*** DATA EXTRACTS

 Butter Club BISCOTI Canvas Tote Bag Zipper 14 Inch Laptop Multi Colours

******
*** DATA EXTRACTS

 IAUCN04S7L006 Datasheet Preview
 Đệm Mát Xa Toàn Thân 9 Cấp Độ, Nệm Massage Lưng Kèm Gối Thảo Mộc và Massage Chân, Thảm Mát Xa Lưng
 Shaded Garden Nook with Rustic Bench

******
*** DATA EXTRACTS

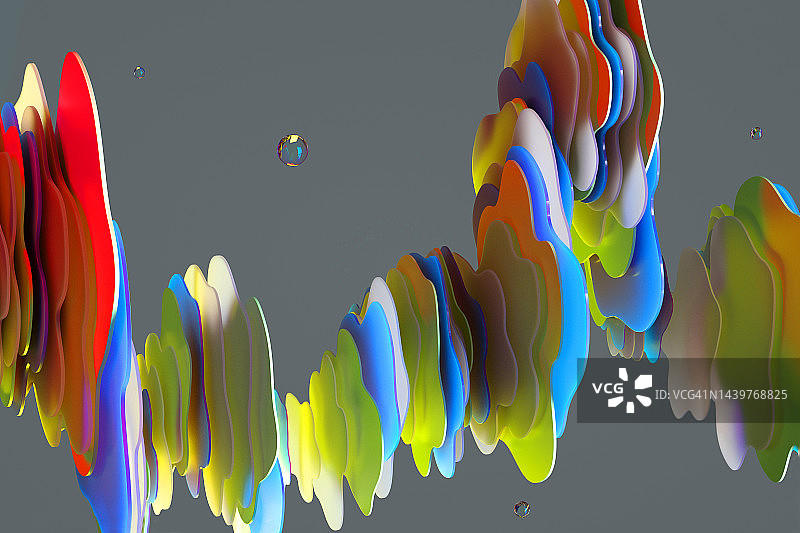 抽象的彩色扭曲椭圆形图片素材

******

Give back exactly the lines above, from the line containing "IAUCN04S7L006 Datasheet Preview" through the line containing "Shaded Garden Nook with Rustic Bench", with both end lines and nothing more.

EXPECTED ANSWER:
 IAUCN04S7L006 Datasheet Preview
 Đệm Mát Xa Toàn Thân 9 Cấp Độ, Nệm Massage Lưng Kèm Gối Thảo Mộc và Massage Chân, Thảm Mát Xa Lưng
 Shaded Garden Nook with Rustic Bench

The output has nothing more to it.